Küreselleşme, öğretinin ünlü isimlerinden James Rosenau’nun daha 1977’de ima ettiği gibi belki sınırların ve sınırlamaların anlamını ortadan kaldıran, devletleri giderek işlevsiz bırakması beklenen, dünyayı paylaşılan sosyal-siyasal alan haline dönüştürme potansiyeli olan bir gelişmeydi.
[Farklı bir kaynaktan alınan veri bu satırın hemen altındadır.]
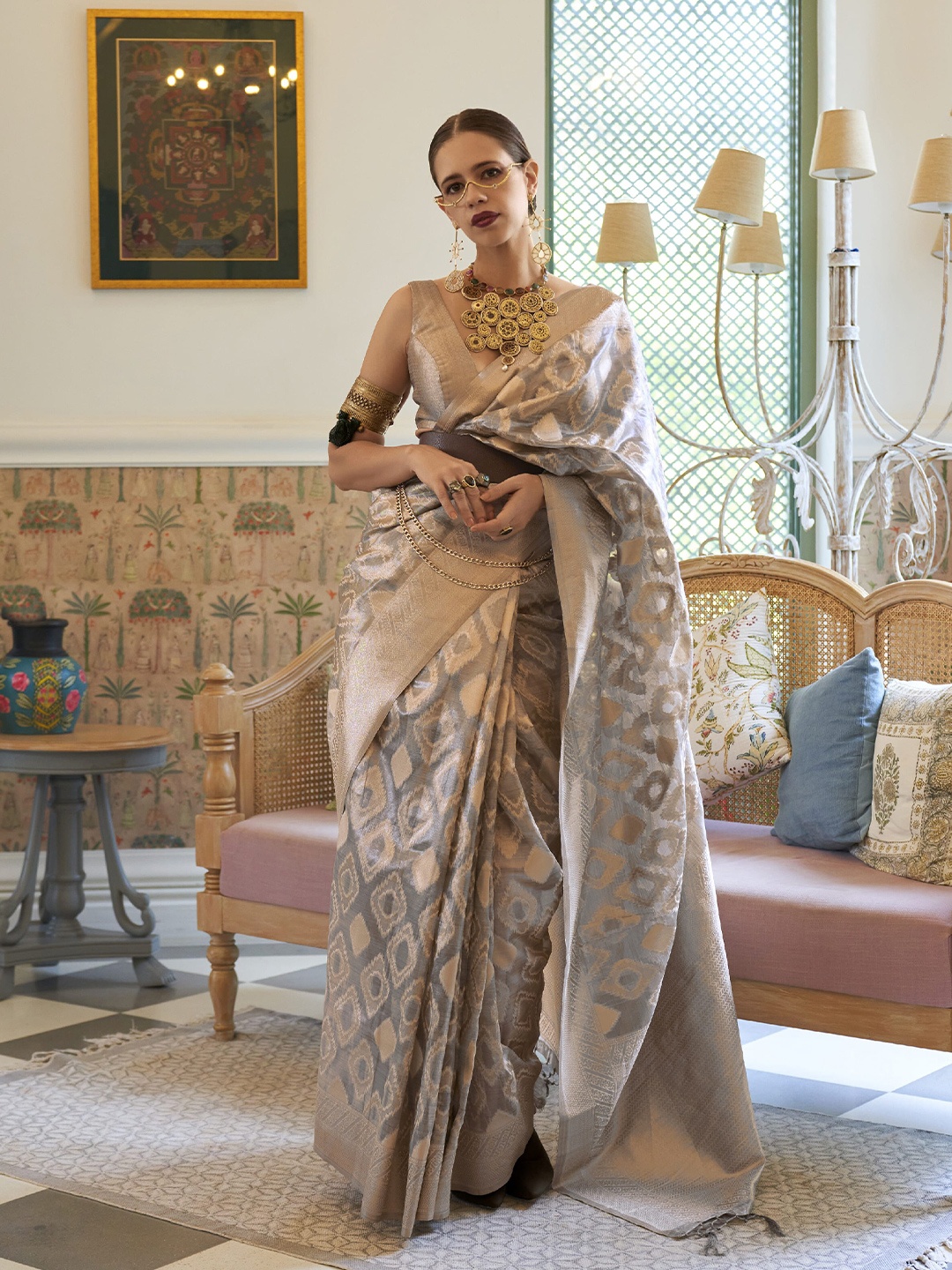 

elora Ethnic Motifs Woven Design Zari Bhagalpuri Saree, Grey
O zamanlar buzdolabındaki kivi, bazı ülkelerde de domatesle anlatılan, bundan 10 küsur yıl önce kullandığımız ders kitaplarına iPod’la giren, ticaret için de insanlık için de hayırlı bir tarihi aşamaydı.
Ne de olsa iPod Nano’nun çiplerini İngiliz firması ARM’den aldığı lisansla önce Tayvan’daki Silicon-Ware firmasında üreten, sonra üstüne plastik kaplanması için Güney Kore’deki Amkor’a gönderen, oradan da...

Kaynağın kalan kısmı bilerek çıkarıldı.